■ **DATA BELOW**:
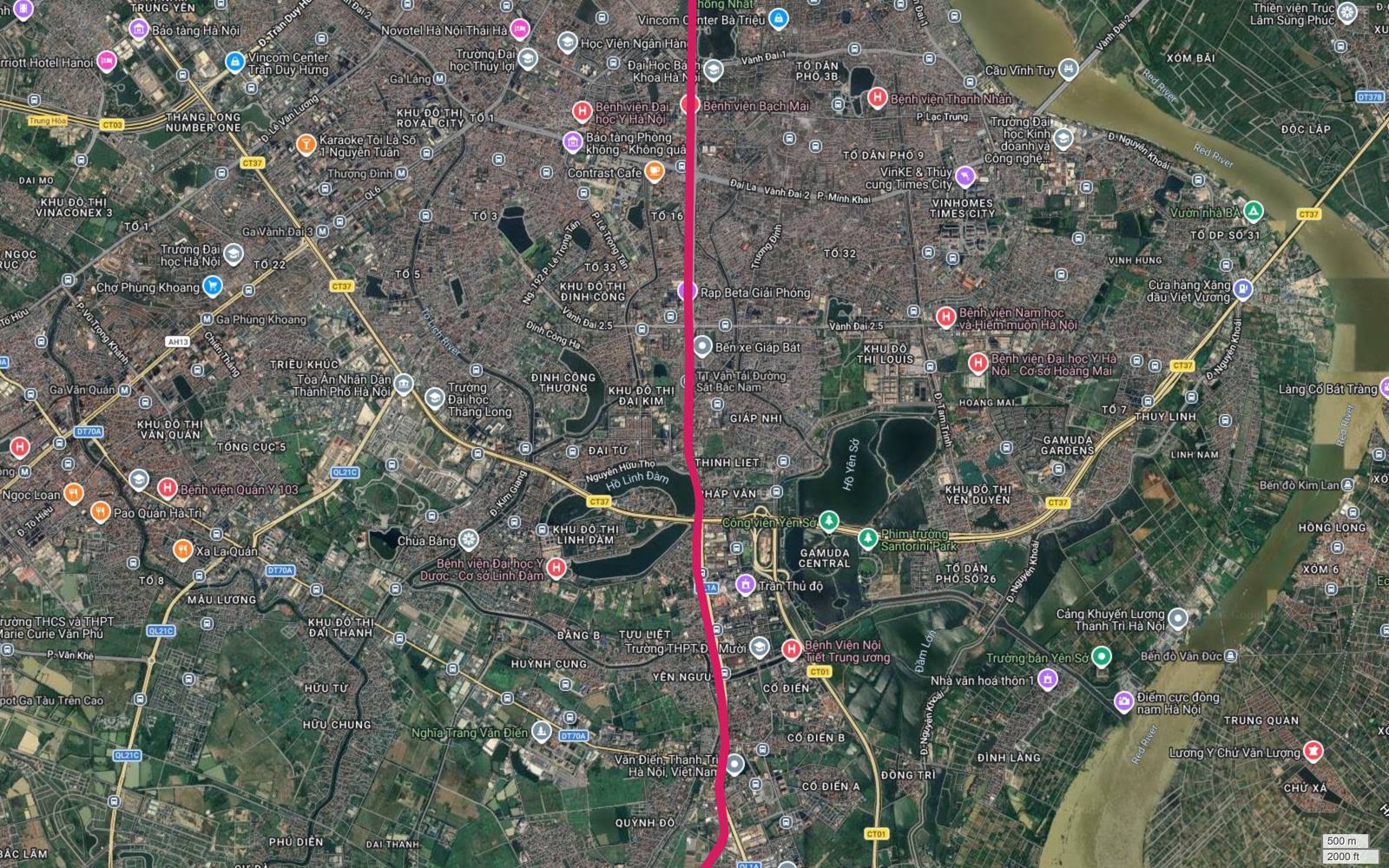 Ảnh vệ tinh metro số 1 tại Pháp Vân, công viên Yên Sở, Gamuda và nút giao Vành đai 3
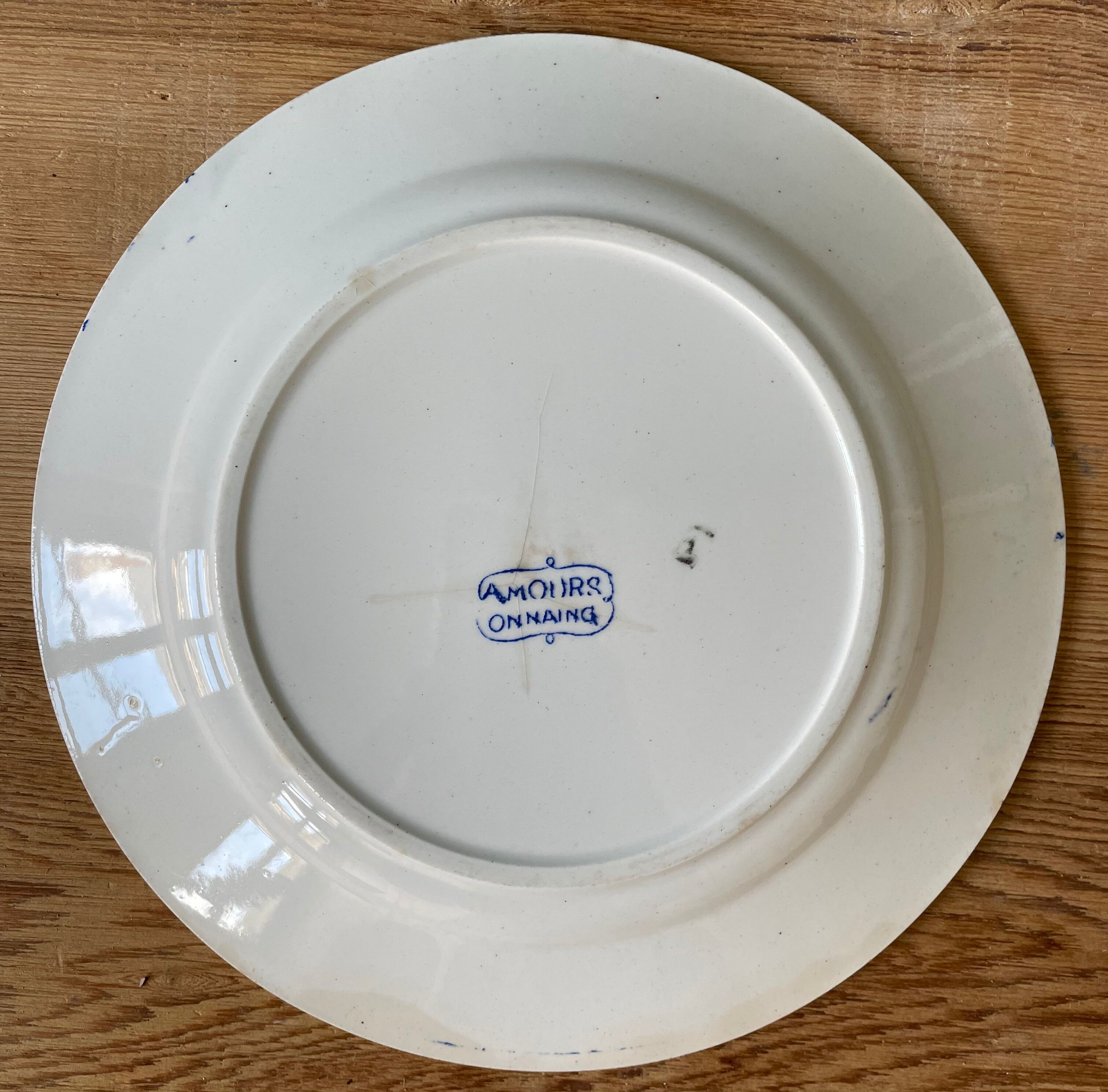 Set of 3 plates terre de fer, collection amours, earthenware of onnaing
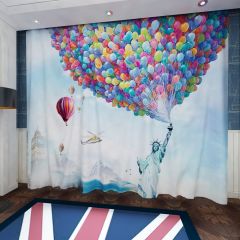 Ballon The Statue Of Liberty Window Curtains CUR-0523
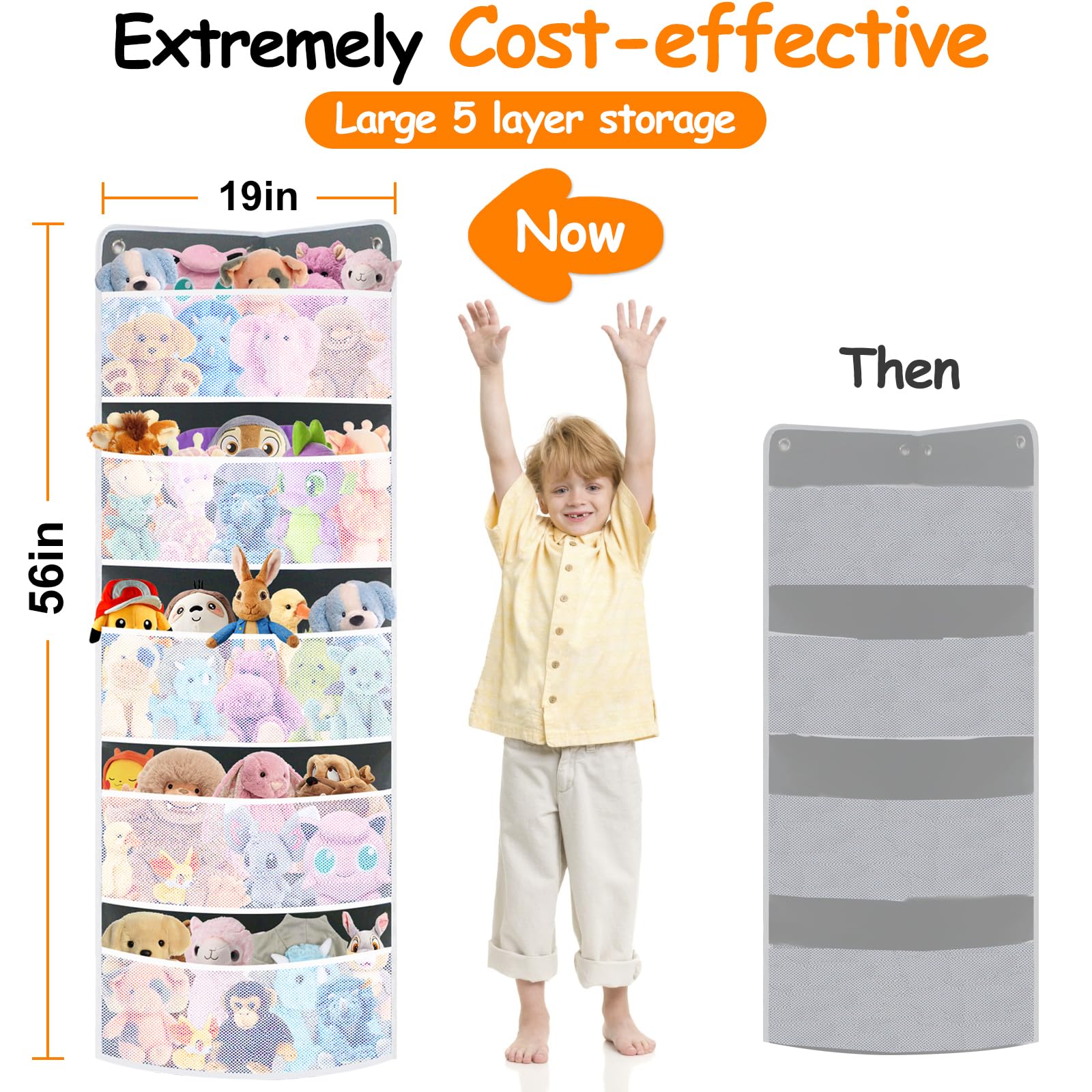 Soft Corner Shelf with 5 Large Mesh Pockets - Wall Mounted Toy Storage Organizer for Kids Bedroom | Child-Friendly Hanging Organizer for Toys, Stuffed Animals, Diapers & Sundries | Perfect for Nursery, Playroom & Closet Organization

■ **PROBLEM DESCRIPTION**: The task calls for every line of the data to be returned exactly, without pictures.

■ **TASK OUTPUT**:
 Ảnh vệ tinh metro số 1 tại Pháp Vân, công viên Yên Sở, Gamuda và nút giao Vành đai 3
 Set of 3 plates terre de fer, collection amours, earthenware of onnaing
 Ballon The Statue Of Liberty Window Curtains CUR-0523
 Soft Corner Shelf with 5 Large Mesh Pockets - Wall Mounted Toy Storage Organizer for Kids Bedroom | Child-Friendly Hanging Organizer for Toys, Stuffed Animals, Diapers & Sundries | Perfect for Nursery, Playroom & Closet Organization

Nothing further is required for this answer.